[[ Task input open ]]

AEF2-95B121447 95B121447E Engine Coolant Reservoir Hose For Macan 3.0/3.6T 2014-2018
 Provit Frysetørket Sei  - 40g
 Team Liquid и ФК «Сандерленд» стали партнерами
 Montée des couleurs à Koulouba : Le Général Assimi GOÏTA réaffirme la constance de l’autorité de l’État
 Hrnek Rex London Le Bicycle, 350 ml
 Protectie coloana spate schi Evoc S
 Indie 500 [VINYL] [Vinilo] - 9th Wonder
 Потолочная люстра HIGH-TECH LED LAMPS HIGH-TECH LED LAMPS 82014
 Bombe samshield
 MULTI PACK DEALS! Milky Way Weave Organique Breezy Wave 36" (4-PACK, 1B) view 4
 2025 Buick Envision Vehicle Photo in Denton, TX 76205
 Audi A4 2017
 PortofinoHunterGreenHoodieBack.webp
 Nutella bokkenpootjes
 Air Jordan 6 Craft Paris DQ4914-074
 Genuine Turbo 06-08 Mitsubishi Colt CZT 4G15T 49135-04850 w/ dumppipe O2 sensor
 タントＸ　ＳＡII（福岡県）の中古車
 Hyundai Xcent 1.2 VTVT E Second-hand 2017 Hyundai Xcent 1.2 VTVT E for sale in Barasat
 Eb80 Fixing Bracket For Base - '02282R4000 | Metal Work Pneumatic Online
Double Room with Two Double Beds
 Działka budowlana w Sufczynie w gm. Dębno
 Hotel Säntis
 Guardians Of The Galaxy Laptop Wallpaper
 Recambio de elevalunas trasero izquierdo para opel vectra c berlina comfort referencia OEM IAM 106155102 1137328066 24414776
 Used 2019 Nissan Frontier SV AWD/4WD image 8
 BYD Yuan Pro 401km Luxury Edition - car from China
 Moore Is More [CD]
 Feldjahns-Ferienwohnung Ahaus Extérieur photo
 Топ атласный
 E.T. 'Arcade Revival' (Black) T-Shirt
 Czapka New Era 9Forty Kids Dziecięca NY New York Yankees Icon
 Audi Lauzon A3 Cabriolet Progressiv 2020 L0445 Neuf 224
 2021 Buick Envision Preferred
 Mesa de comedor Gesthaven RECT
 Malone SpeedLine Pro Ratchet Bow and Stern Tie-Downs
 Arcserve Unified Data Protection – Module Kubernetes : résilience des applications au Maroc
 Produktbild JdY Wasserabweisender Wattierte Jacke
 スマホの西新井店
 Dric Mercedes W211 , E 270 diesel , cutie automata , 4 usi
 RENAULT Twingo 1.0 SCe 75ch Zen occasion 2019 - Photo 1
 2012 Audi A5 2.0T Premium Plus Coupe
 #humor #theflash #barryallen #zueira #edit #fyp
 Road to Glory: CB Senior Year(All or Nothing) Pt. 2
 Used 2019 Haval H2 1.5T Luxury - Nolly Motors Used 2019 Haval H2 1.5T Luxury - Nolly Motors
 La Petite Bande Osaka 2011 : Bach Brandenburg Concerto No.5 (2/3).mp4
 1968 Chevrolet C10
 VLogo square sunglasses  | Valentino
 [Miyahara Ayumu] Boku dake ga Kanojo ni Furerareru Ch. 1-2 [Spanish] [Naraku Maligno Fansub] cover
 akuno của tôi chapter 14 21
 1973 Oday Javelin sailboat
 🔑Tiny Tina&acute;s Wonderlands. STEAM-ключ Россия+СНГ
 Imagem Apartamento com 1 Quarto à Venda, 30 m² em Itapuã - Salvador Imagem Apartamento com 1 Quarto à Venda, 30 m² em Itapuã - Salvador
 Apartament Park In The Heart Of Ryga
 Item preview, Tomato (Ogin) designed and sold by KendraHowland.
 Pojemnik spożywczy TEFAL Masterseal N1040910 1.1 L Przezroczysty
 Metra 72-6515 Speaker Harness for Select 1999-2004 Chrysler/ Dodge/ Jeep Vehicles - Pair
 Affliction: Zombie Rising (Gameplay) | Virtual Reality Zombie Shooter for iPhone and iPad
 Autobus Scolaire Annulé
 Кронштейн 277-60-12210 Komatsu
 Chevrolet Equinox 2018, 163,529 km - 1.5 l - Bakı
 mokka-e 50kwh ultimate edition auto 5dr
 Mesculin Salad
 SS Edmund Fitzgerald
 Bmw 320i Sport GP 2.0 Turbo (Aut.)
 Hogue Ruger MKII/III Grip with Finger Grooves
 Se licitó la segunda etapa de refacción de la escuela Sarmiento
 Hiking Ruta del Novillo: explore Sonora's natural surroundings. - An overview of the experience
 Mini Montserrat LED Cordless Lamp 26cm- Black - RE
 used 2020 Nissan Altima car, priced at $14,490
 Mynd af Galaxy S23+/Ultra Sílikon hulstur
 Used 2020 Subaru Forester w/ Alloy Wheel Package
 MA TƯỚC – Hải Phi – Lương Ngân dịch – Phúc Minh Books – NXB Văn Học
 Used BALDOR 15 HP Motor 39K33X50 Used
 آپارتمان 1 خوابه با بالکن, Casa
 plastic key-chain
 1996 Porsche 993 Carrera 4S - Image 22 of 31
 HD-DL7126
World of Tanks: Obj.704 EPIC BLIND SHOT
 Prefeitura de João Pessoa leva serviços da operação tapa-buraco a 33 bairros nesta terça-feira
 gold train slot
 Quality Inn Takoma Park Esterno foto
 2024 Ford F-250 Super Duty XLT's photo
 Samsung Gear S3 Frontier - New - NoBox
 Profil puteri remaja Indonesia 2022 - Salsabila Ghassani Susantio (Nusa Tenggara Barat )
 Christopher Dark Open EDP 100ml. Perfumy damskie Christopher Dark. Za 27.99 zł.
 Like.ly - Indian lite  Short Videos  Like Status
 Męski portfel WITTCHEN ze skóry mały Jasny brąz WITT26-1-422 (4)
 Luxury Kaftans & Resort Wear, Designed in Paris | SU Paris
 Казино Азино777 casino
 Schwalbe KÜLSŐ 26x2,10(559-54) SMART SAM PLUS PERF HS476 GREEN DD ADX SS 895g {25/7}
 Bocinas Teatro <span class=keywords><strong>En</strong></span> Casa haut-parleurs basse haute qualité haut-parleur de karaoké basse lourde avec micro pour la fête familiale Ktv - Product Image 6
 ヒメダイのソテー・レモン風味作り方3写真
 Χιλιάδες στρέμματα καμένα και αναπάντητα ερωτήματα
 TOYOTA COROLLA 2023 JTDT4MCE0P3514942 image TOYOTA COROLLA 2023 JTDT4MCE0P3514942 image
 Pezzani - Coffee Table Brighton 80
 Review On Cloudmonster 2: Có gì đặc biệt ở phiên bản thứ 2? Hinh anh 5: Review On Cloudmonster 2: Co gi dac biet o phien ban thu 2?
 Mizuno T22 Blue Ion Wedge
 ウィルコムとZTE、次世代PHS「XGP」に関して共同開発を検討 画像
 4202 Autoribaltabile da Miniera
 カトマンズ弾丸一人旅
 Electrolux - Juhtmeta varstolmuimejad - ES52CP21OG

[[ Task input closed ]]

Exercise aim - Your task is to retype the data exactly, with no line missing.

Result -
AEF2-95B121447 95B121447E Engine Coolant Reservoir Hose For Macan 3.0/3.6T 2014-2018
 Provit Frysetørket Sei  - 40g
 Team Liquid и ФК «Сандерленд» стали партнерами
 Montée des couleurs à Koulouba : Le Général Assimi GOÏTA réaffirme la constance de l’autorité de l’État
 Hrnek Rex London Le Bicycle, 350 ml
 Protectie coloana spate schi Evoc S
 Indie 500 [VINYL] [Vinilo] - 9th Wonder
 Потолочная люстра HIGH-TECH LED LAMPS HIGH-TECH LED LAMPS 82014
 Bombe samshield
 MULTI PACK DEALS! Milky Way Weave Organique Breezy Wave 36" (4-PACK, 1B) view 4
 2025 Buick Envision Vehicle Photo in Denton, TX 76205
 Audi A4 2017
 PortofinoHunterGreenHoodieBack.webp
 Nutella bokkenpootjes
 Air Jordan 6 Craft Paris DQ4914-074
 Genuine Turbo 06-08 Mitsubishi Colt CZT 4G15T 49135-04850 w/ dumppipe O2 sensor
 タントＸ　ＳＡII（福岡県）の中古車
 Hyundai Xcent 1.2 VTVT E Second-hand 2017 Hyundai Xcent 1.2 VTVT E for sale in Barasat
 Eb80 Fixing Bracket For Base - '02282R4000 | Metal Work Pneumatic Online
Double Room with Two Double Beds
 Działka budowlana w Sufczynie w gm. Dębno
 Hotel Säntis
 Guardians Of The Galaxy Laptop Wallpaper
 Recambio de elevalunas trasero izquierdo para opel vectra c berlina comfort referencia OEM IAM 106155102 1137328066 24414776
 Used 2019 Nissan Frontier SV AWD/4WD image 8
 BYD Yuan Pro 401km Luxury Edition - car from China
 Moore Is More [CD]
 Feldjahns-Ferienwohnung Ahaus Extérieur photo
 Топ атласный
 E.T. 'Arcade Revival' (Black) T-Shirt
 Czapka New Era 9Forty Kids Dziecięca NY New York Yankees Icon
 Audi Lauzon A3 Cabriolet Progressiv 2020 L0445 Neuf 224
 2021 Buick Envision Preferred
 Mesa de comedor Gesthaven RECT
 Malone SpeedLine Pro Ratchet Bow and Stern Tie-Downs
 Arcserve Unified Data Protection – Module Kubernetes : résilience des applications au Maroc
 Produktbild JdY Wasserabweisender Wattierte Jacke
 スマホの西新井店
 Dric Mercedes W211 , E 270 diesel , cutie automata , 4 usi
 RENAULT Twingo 1.0 SCe 75ch Zen occasion 2019 - Photo 1
 2012 Audi A5 2.0T Premium Plus Coupe
 #humor #theflash #barryallen #zueira #edit #fyp
 Road to Glory: CB Senior Year(All or Nothing) Pt. 2
 Used 2019 Haval H2 1.5T Luxury - Nolly Motors Used 2019 Haval H2 1.5T Luxury - Nolly Motors
 La Petite Bande Osaka 2011 : Bach Brandenburg Concerto No.5 (2/3).mp4
 1968 Chevrolet C10
 VLogo square sunglasses  | Valentino
 [Miyahara Ayumu] Boku dake ga Kanojo ni Furerareru Ch. 1-2 [Spanish] [Naraku Maligno Fansub] cover
 akuno của tôi chapter 14 21
 1973 Oday Javelin sailboat
 🔑Tiny Tina&acute;s Wonderlands. STEAM-ключ Россия+СНГ
 Imagem Apartamento com 1 Quarto à Venda, 30 m² em Itapuã - Salvador Imagem Apartamento com 1 Quarto à Venda, 30 m² em Itapuã - Salvador
 Apartament Park In The Heart Of Ryga
 Item preview, Tomato (Ogin) designed and sold by KendraHowland.
 Pojemnik spożywczy TEFAL Masterseal N1040910 1.1 L Przezroczysty
 Metra 72-6515 Speaker Harness for Select 1999-2004 Chrysler/ Dodge/ Jeep Vehicles - Pair
 Affliction: Zombie Rising (Gameplay) | Virtual Reality Zombie Shooter for iPhone and iPad
 Autobus Scolaire Annulé
 Кронштейн 277-60-12210 Komatsu
 Chevrolet Equinox 2018, 163,529 km - 1.5 l - Bakı
 mokka-e 50kwh ultimate edition auto 5dr
 Mesculin Salad
 SS Edmund Fitzgerald
 Bmw 320i Sport GP 2.0 Turbo (Aut.)
 Hogue Ruger MKII/III Grip with Finger Grooves
 Se licitó la segunda etapa de refacción de la escuela Sarmiento
 Hiking Ruta del Novillo: explore Sonora's natural surroundings. - An overview of the experience
 Mini Montserrat LED Cordless Lamp 26cm- Black - RE
 used 2020 Nissan Altima car, priced at $14,490
 Mynd af Galaxy S23+/Ultra Sílikon hulstur
 Used 2020 Subaru Forester w/ Alloy Wheel Package
 MA TƯỚC – Hải Phi – Lương Ngân dịch – Phúc Minh Books – NXB Văn Học
 Used BALDOR 15 HP Motor 39K33X50 Used
 آپارتمان 1 خوابه با بالکن, Casa
 plastic key-chain
 1996 Porsche 993 Carrera 4S - Image 22 of 31
 HD-DL7126
World of Tanks: Obj.704 EPIC BLIND SHOT
 Prefeitura de João Pessoa leva serviços da operação tapa-buraco a 33 bairros nesta terça-feira
 gold train slot
 Quality Inn Takoma Park Esterno foto
 2024 Ford F-250 Super Duty XLT's photo
 Samsung Gear S3 Frontier - New - NoBox
 Profil puteri remaja Indonesia 2022 - Salsabila Ghassani Susantio (Nusa Tenggara Barat )
 Christopher Dark Open EDP 100ml. Perfumy damskie Christopher Dark. Za 27.99 zł.
 Like.ly - Indian lite  Short Videos  Like Status
 Męski portfel WITTCHEN ze skóry mały Jasny brąz WITT26-1-422 (4)
 Luxury Kaftans & Resort Wear, Designed in Paris | SU Paris
 Казино Азино777 casino
 Schwalbe KÜLSŐ 26x2,10(559-54) SMART SAM PLUS PERF HS476 GREEN DD ADX SS 895g {25/7}
 Bocinas Teatro <span class=keywords><strong>En</strong></span> Casa haut-parleurs basse haute qualité haut-parleur de karaoké basse lourde avec micro pour la fête familiale Ktv - Product Image 6
 ヒメダイのソテー・レモン風味作り方3写真
 Χιλιάδες στρέμματα καμένα και αναπάντητα ερωτήματα
 TOYOTA COROLLA 2023 JTDT4MCE0P3514942 image TOYOTA COROLLA 2023 JTDT4MCE0P3514942 image
 Pezzani - Coffee Table Brighton 80
 Review On Cloudmonster 2: Có gì đặc biệt ở phiên bản thứ 2? Hinh anh 5: Review On Cloudmonster 2: Co gi dac biet o phien ban thu 2?
 Mizuno T22 Blue Ion Wedge
 ウィルコムとZTE、次世代PHS「XGP」に関して共同開発を検討 画像
 4202 Autoribaltabile da Miniera
 カトマンズ弾丸一人旅
 Electrolux - Juhtmeta varstolmuimejad - ES52CP21OG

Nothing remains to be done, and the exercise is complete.